As reported by Variety and Hits and backed up by MBW sources, Sony Music Group has either finalized, or is close to finalizing, a deal to acquire around 50% of the Michael Jackson estate – including Jackson’s publishing rights to songs he wrote, plus his recorded music rights, plus his name & likeness.
The reported price for this MJ acquisition (via Variety) is between USD $800 million to $900 million.
MBW has heard from one well-placed source that the real price is smaller – closer to USD $750 million. But another of our sources argues it’s at the higher end of Variety’s estimate.
Regardless, if we broadly estimate that the price Sony is set to pay for half of Jackson’s rights is roughly $800 million, we can also obviously figure out that the approximate total valuation being slapped on the Jackson catalog (remember: publishing, plus recorded music, plus name & likeness) is around $1.6 billion.
Would Queen’s valuation for a similar bundle of rights – even if it doesn’t include Disney’s North American chunk of the band’s recorded music royalties – really be that far below this figure?

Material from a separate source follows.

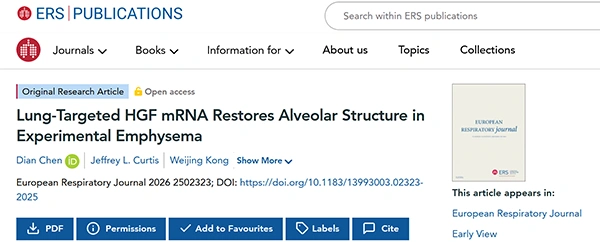Lung-Targeted HGF mRNA Restores Alveolar Structure in Experimental Emphysema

There are factors weighing in the favor of the Jackson catalog (and MJ’s name & likeness rights) carrying more of a premium than Queen’s.
For example, Jackson’s big-budget biopic is still in the works, while Queen’s is already out and had its theater run.
Also, the new-ish Jackson stage show, MJ: The Musical, is already a Box Office success, having taken more than $100 million in tickets, despite not yet launching outside the US.
There’s a big factor weighing in favor of Queen’s catalog vs. Jackson’s, however: Queen, if taken as a unit, wrote 100% of their biggest hits; Jackson wrote most of his, but certain standards (Thriller, She’s Out Of My Life, Man In The Mirror, Rock With You) were penned by outside songwriters such as Rod Temperton.
Either way, both Queen and Michael Jackson remain giants of modern music, comfortably more than 50 years since their careers in the business began.
As you read this, Queen have 47.8 million monthly listeners on Spotify, and are the service’s 49th most-popular artist globally; Jackson has 37.0 million, and is Spotify’s 77th most popular globally.